Gemlik ve çevresindeki yerleşimleri depreme dirençli hale getirmek için öncelikle yönetim sisteminin değiştirilmesi gerektiğini belirten Görür, diğer unsurları halk, altyapı, yapı stoku, çevre ve ekosistem, ekonomi olarak sıraladı. Kentsel dönüşümün kenti depreme hazırlamadığını ifade eden Görür, ekonomi konusundaki sözleriyle konuşmasını tamamladı: "Bizim ekonomimiz depreme hazır değil. Maraş depremine bakın. İş insanları ekip, ekipman bulamıyorlar. Dünyayla ilişkiyi kaybettiler. 'Daha 20 sene kendimize gelemeyiz' diyorlar. Marmara'da deprem olursa bütün Türkiye ekonomik olarak çöker. İş insanlarımızın deprem dirençli sanayi alanlarına sahip çıkmaları gerekir. Ekonominin depreme hazırlanması mümkün fakat iş dünyamız bu yönde çalışma yapıyor mu?"
‘Bursa’da yapı stoğunun yüzde 65’i kötü’
TMMOB İKK Sekreteri Şirin Rodoplu Şimşek, Bursa’da yüzde 65 yapı stoğunun kötü olduğunu belirtti. Şimşek, “Bursa’da yüzde 65 için ‘Allah gecinden versin’ diyeceğimiz yapı stoğuna sahibiz. Yapılması gereken tek şey dönüşüm. Doğru planlamayla birlikte bu kent dönüşüme girmek zorunda. Çok sıkışmış bir kentteyiz. Maalesef planlama adına yapılabilecek adımlar kolay değil. Biz en azından belediyelerimiz deprem üzerine çalışmalar yaptığında bununla teselli bulur noktadayız” diye konuştu.

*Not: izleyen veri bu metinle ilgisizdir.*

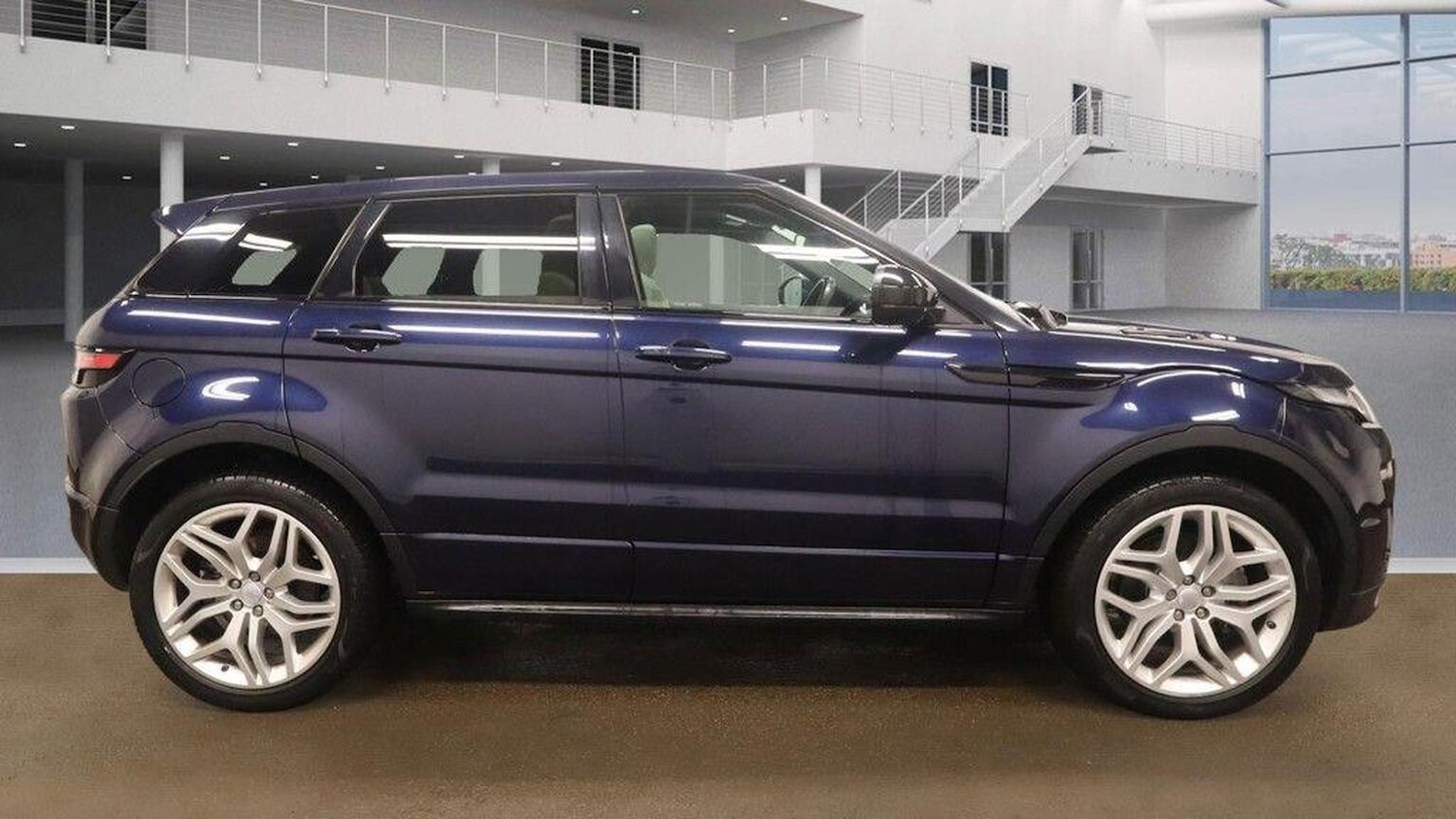 Used Land Rover Range Rover Evoque 2015 for sale - 77303678: Photo 5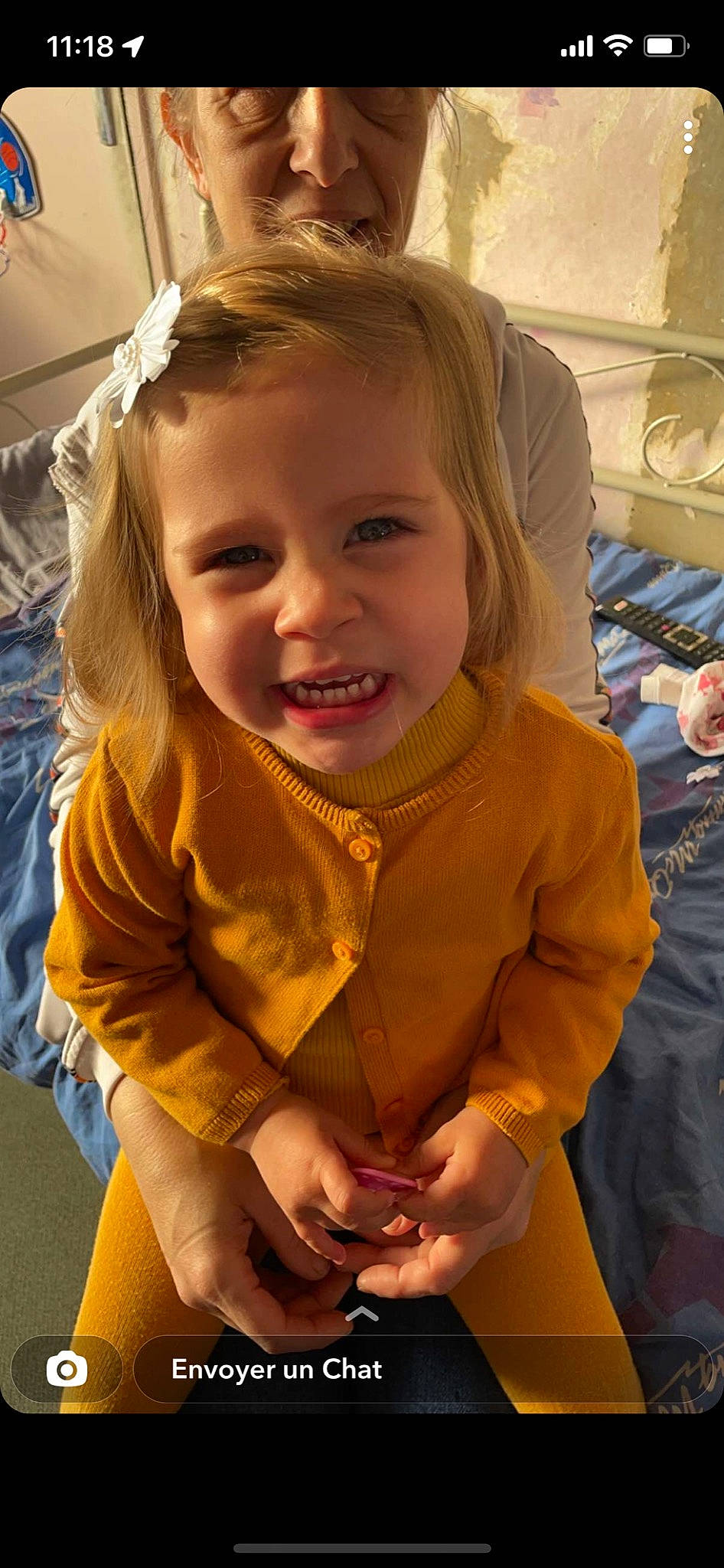 Linnayah a rejoint le concours — aidez-le/la à gagner de superbes lots ! baby_toddler_clothing, cheek, child, eye, finger, fun, gesture, hair, hairstyle, hand, happy, head, iris, lip, mouth, person, skin, sleeve, smile, standing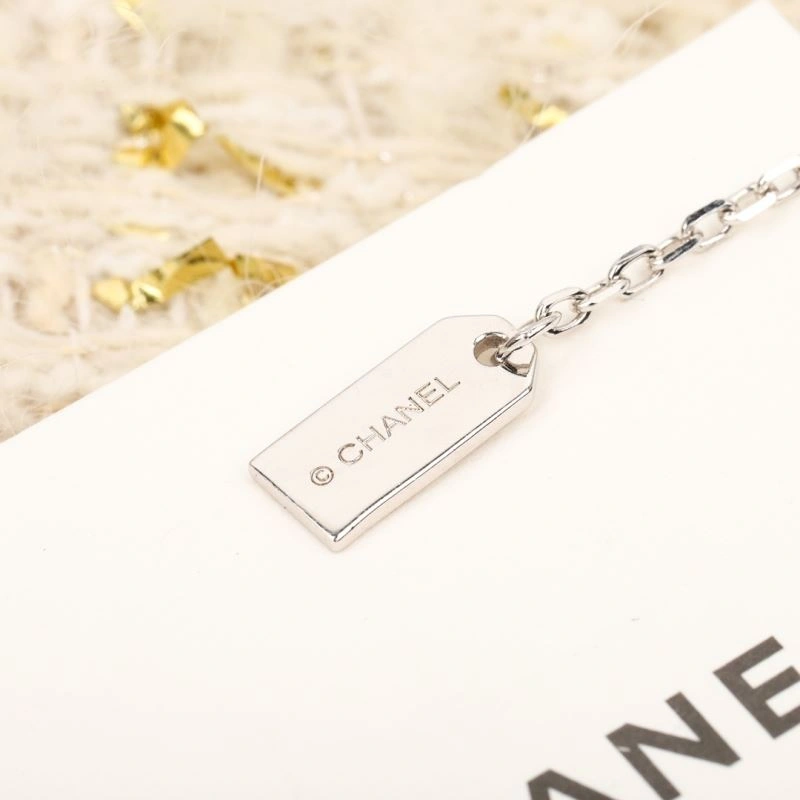 Tailored Chanel Necklaces 226577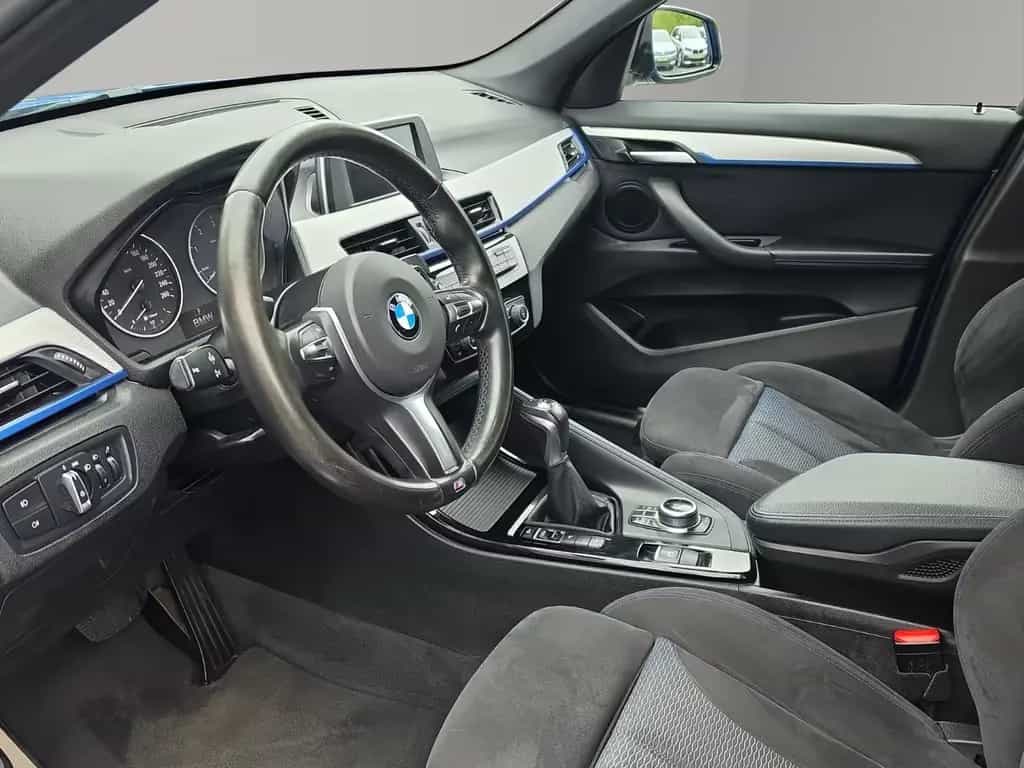 BMW X1 xDrive 20 d M-Sport Automatik 06/2017-photo-8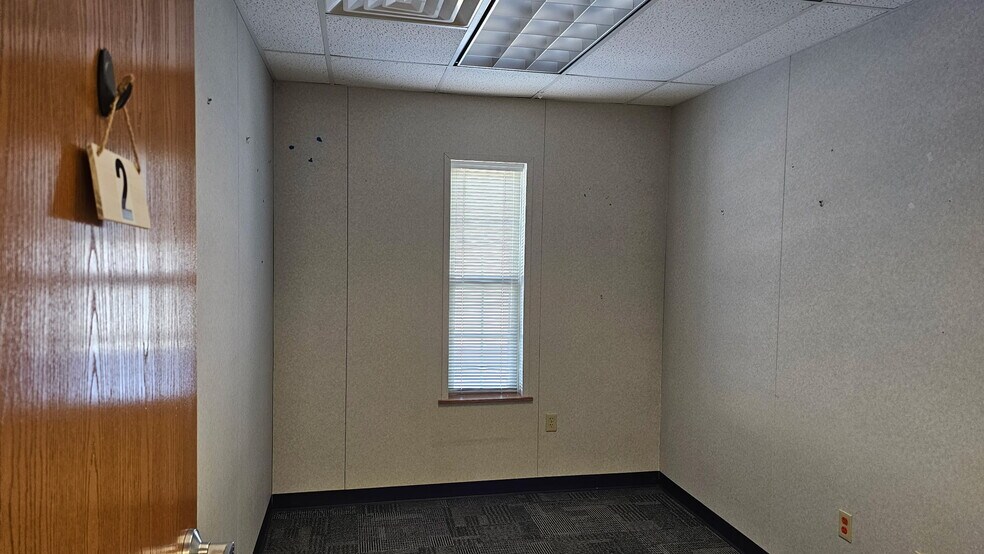 More Photos Of 19 Mcquiston Dr, Mercer Medical For Lease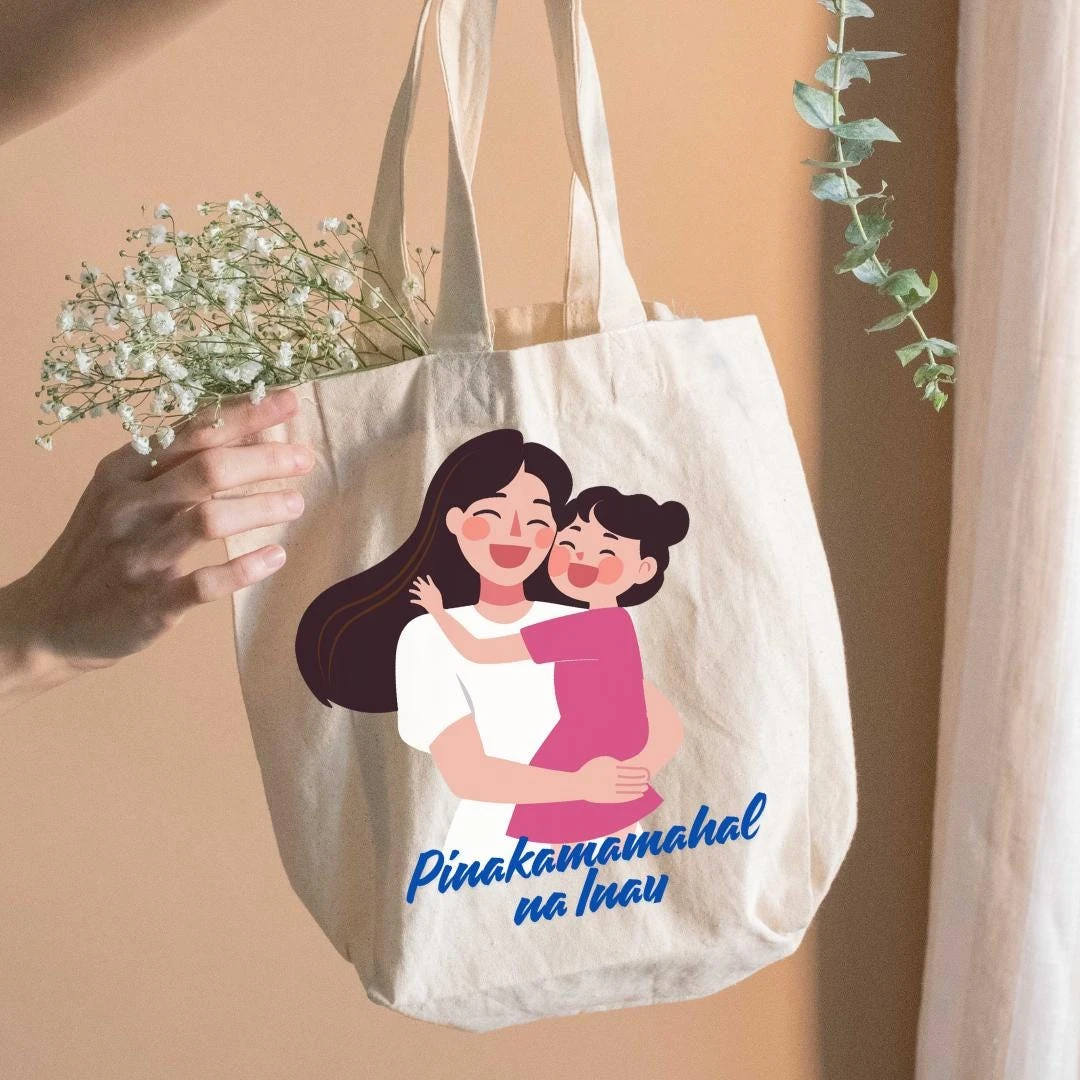 [Digital Download] Inay Tote Bag Design – Filipino Mom SVG + PNG Graphic — photo 3
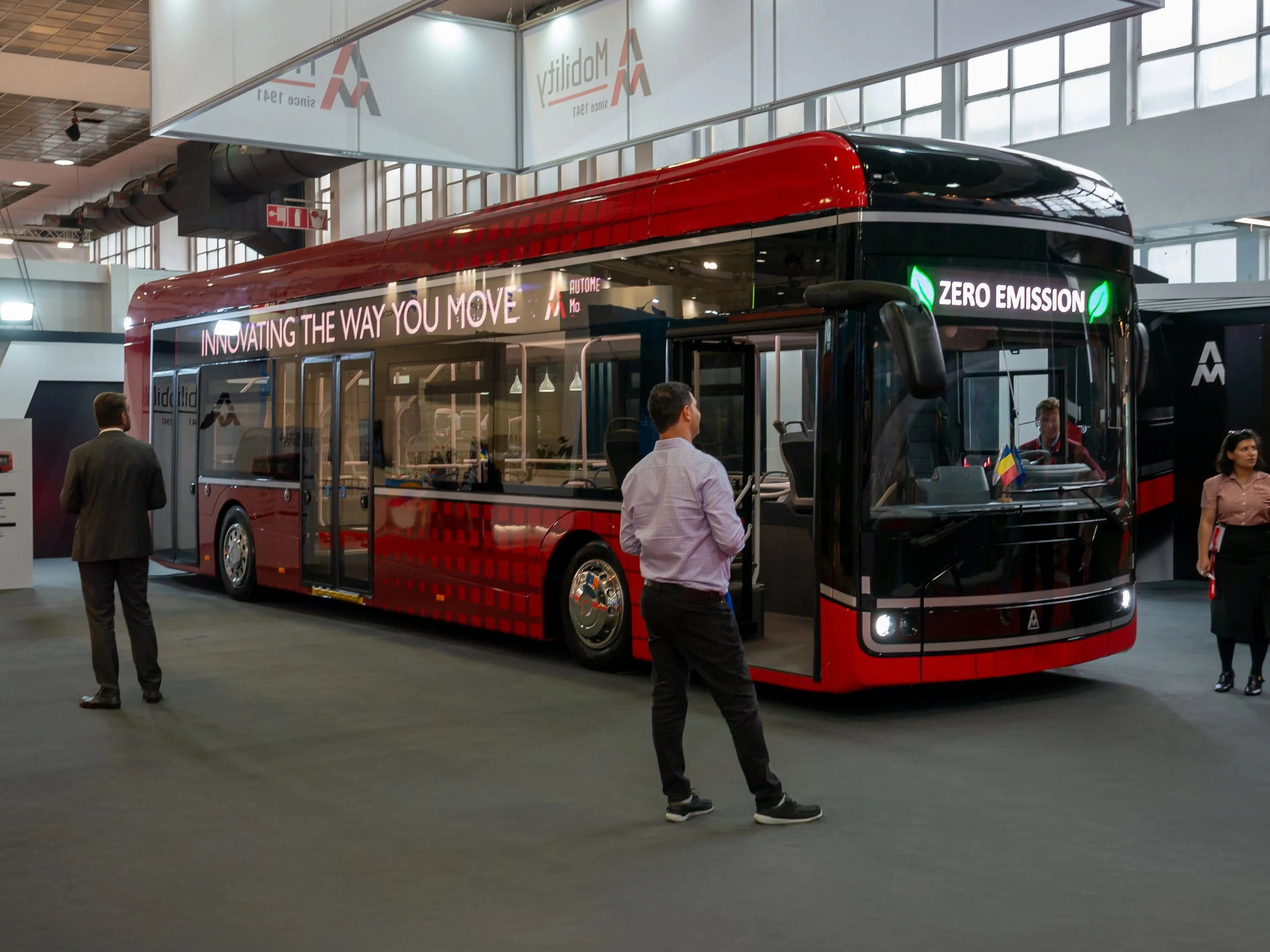Busworld_Europe_2023,_Brussels_(P1140287) - copia.jpg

AKUT Başkanı Nasuh Mahruki, Türkiye’nin yapı stoğuna değinerek 2000 yılından önce yapılan binalardan korktuklarını söyledi.
Mahruki, "Yönetmeliği değiştirmekle, iyi hale getirmekle iş yine bitmiyor. Çünkü Türkiye'nin çok büyük bir denetim sorunu var. İnşaat sektörü, kirli siyasetin finansmanı için kullanılıyor. Siz siyasetinizi inşaat sektörüyle finanse ediyorsanız o zaman rant işler. Maraş depremlerinde gördük ki, tarım alanları imara açılmış, çok katlı yapılara izin verilmiş. Adı üzerinde tarım alanı, sulak zemin. Yıkılmasa bile binalar çok ağır, ağır hasarlı durumda” diye konuştu.